While I want to attract people to attend, I also don't want to undersell myself and this strategy which, I believe, is not being used by many South Africans at all and, I know, has the potential to really _launch_ some people's businesses into healthy profits.

Something Lerynne Verster (an ex-teacher and current-web-marketer) recommended is to price the seminar according to its value.  ie:  Don't price it too cheaply or people won't realise the value of the information being presented.

She also recommended to keep each class under 30 in order to really reach everyone and I think both suggestions are worth gold.

So I'm thinking of doing an early-bird offer where you can save R100 off the usual price for booking early.  This can also help me get funds together to pay for the venue before I actually do the presentation.

The current price I'm looking at (based on results in a poll on a different forum) is R500.  Thoughts?

----------


## Dave A

Personally, my problem is that I don't see Facebook advertising as a fit for the nature of my business. Now I could easily be wrong, but as long as I hold that perception I can't justify the spend on going to a workshop/training session/seminar on the subject.

To me that is the hurdle that needs to be overcome in this. The question of "Is it relevant/viable for my business" has to be answered before I (and probably many others) are going to haul out the chequebook.

----------


## Norri

Thanks Dave,

That's very useful insight.  I'm going to give it some serious thought.

Part of the opportunity in Facebook that I think a lot of people are missing is that there are a lot of small business owners, CEOs, directors, managers and so on on there.  A lot of people assume it's just a bunch of kids but they're sorely mistaken.  The question is, of course, how do I communicate that effectively.

----------


## Dave A

> That's very useful insight.


I try - It's not to criticise or put your idea down - It's to help you refine your offering.

----------

Norri (10-Oct-08)

----------


## Ann Kempen

Hi Norio, I would be interested but I am in Cape Town.

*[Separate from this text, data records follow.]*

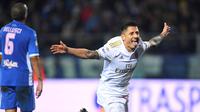 Gianluca Lapadula cetak dua gol untuk AC Milan ke gawang Empoli (Foto: REUTERS/Alberto Lingria)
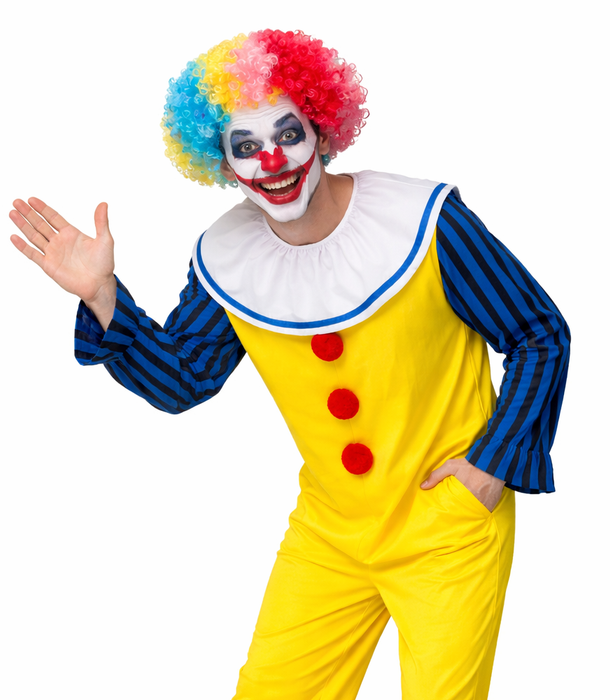 Herenkostuum Enge Clown Met Pruik
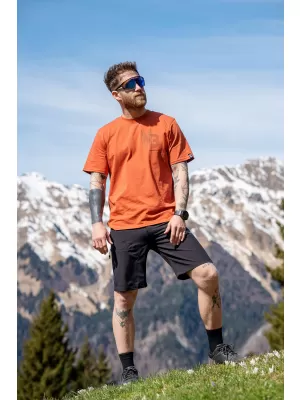 Muška majica kratkih rukava NORDBLANC NBSMT8161 NARANČASTA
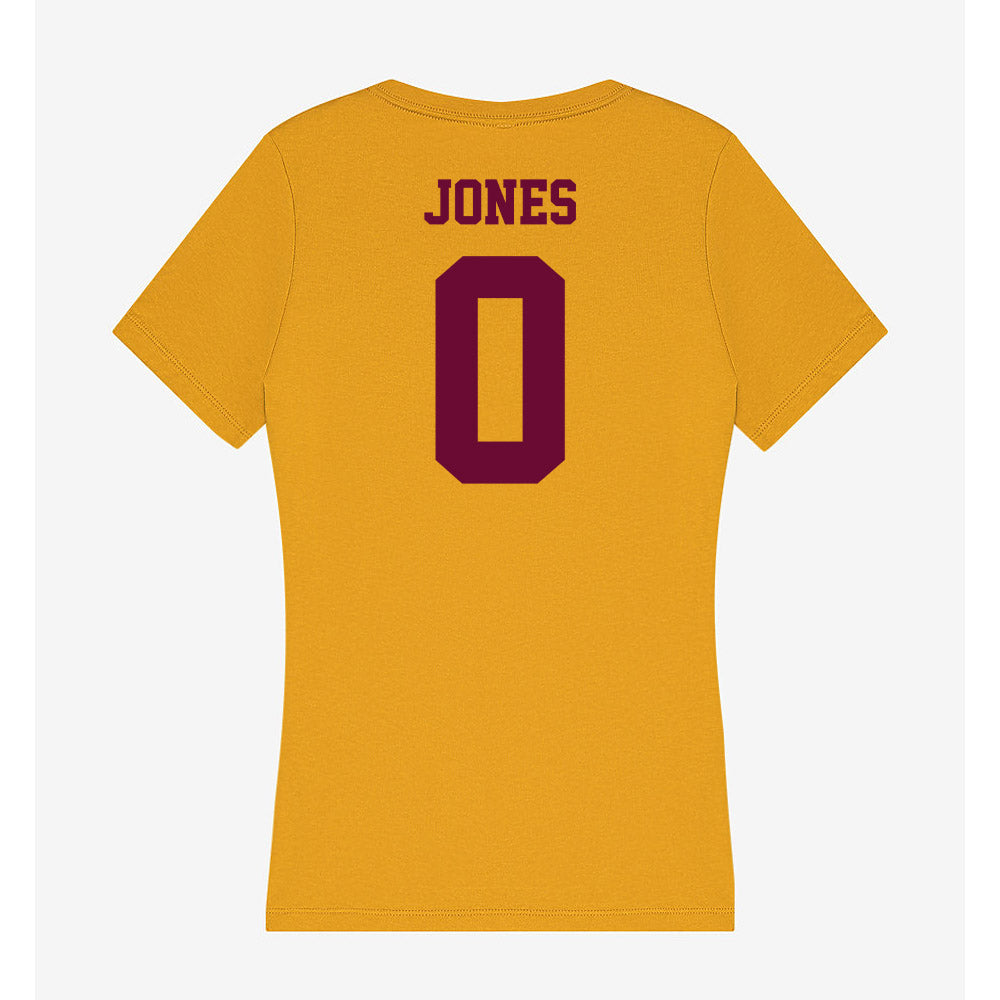 Central Michigan - NCAA Football : Kendall Jones - Women's V-Neck T-Shirt-1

I did have my personal profile up on Facebook but ... hmm ... not sure if I want it so decidely out there.  However, I would be interested in setting up a Facebook group - primarily as a source for getting DIY articles for my website.  Is this the sort of thing one could do with Facebook?  I must confess I did not explore all the possibilities of Facebook it just seemed so full of widgets and gadgets and extraneous stuff - that it pretty much drove me crazy as well. 

A~

----------


## Norri

Howdy Ann  :Smile: 

The seminar I'm going to present is purely advertising-related.  Not Web2.0 at all.

What you're talking about is very Web2.0 where you're building a community around your brand/product/service/industry and using it to fuel your site/sales/etc and it's all based on user-contributions.

Facebook is very powerful for something like that but there are some magic tricks you need.  One you could use is, simply, advertising your group.  Once you get a decent number of folk using it daily, it starts to grow itself.  That's your ultimate goal.

Having a large network of friends and associates to help you grow your group and get it going in the beginning also helps.

Having a mailing list helps stacks.

All in all, unless you're doing something completely new, you can struggle with using Web2.0 to your advantage.  It's not really a set-and-forget strategy, it's something you must be prepared to spend energy and time on at least daily.

Your DIY site is perfect for Facebook advertising, though, as it's something people have a genuine interest in.  People do it as part of their lifestyle, as a hobby, etc.  Like my guitar forum, you can do very well with your site.  Maybe you can buy the video of my seminar when it comes out.

----------


## Ann Kempen

Thanks for that info and encouragement, Norio - I did check out your guitar forum the other day as well, you've done a fab job.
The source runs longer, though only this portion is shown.